I spent the rest of the week setting up the way I wanted to work, which involved a private GitHub repository, some scripts to test out the languages I’m learning, and some planning about the note-taking format I want to develop as I go along, which is based on the data serialization format YAML.
Last time I lost weight, I was on a low-carb diet, and when I switched to calorie counting, I lost nothing, so I concluded my body didn’t work the conventional way and I’d have to drastically reduce my carbs every time. Well I’m back to counting calories because of this cholesterol control diet, and the eating routine I’ve started with is low enough on calories that I lost almost 4 pounds the first week, about 2 more than you should safely be losing—oops—so I guess it does work after all. I’m making progress on reducing the saturated fat in my diet, and now I’m adding a soluble fiber supplement and one for plant sterols and stanols.
I finished Righting Software by Juval Löwy, a well-known software consultant I hadn’t heard of till someone in a blog comment recommended him. I was curious about his book because he offers a somewhat different angle on software and project design than other authors I read, who tend to be friends with each other and work at the same places, so it’s worthwhile to get an outside perspective. I don’t know if his ideas are actually better, but he claims to take an engineering approach to software development, and I want to try them out. If you want an idea of what he says, I’ve made a playlist of videos from his YouTube channel that cover many of the book’s topics arranged in roughly the book’s order.
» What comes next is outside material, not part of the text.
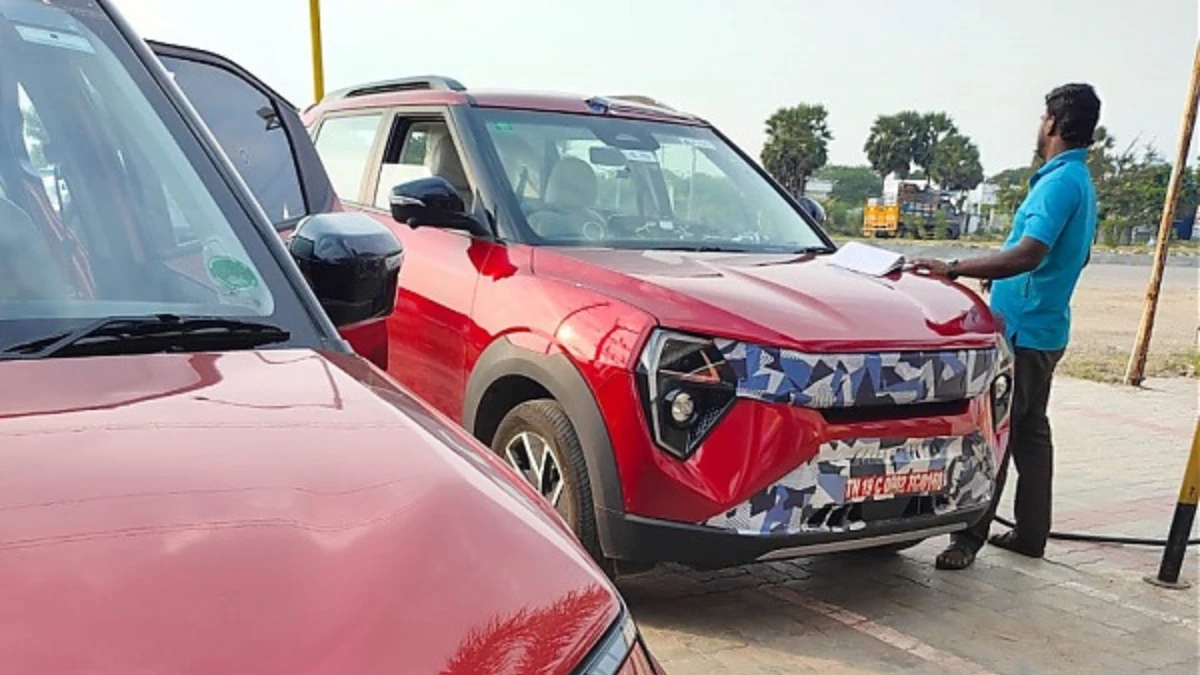 Mahindra XUV 3XO EV front spied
After that I listened to Microservices Patterns by Chris Richardson, and not in text-to-speech, because it actually has an audiobook for some reason and also a nicely organized website. According to reviews, the book covers all the standard industry solutions to the standard challenges a microservice architecture creates, so I feel prepared if I ever get around to creating that kind of software. I’m thinking about using some of the concepts on our ebook production tools at work, since they’re already a collection of loosely collaborating apps.
My pastor wants us to read through the Bible again this year, and I decided to make that my Lent activity like it was last year, listening to a whole audio Bible. This year I think I’ll do the NKJV, which has been languishing in my audio Bible collection.
Monday Tim and I went to see Star Wars: The Rise of Skywalker, which I liked okay, but the whole time I felt like I was watching someone’s over-the-top fanfiction. Were all the movies so frantically epic and I never noticed? One of my favorite things about Star Wars is hearing people’s responses to it, so I’ve enjoyed seeing all the critical videos YouTube has been recommending me (warning: spoilers in the links).
I also saw Rise of Skywalker. All of the movies were epic, but not like this one. Not a movie I would watch again.
I’m glad I’m not the only one who thought so.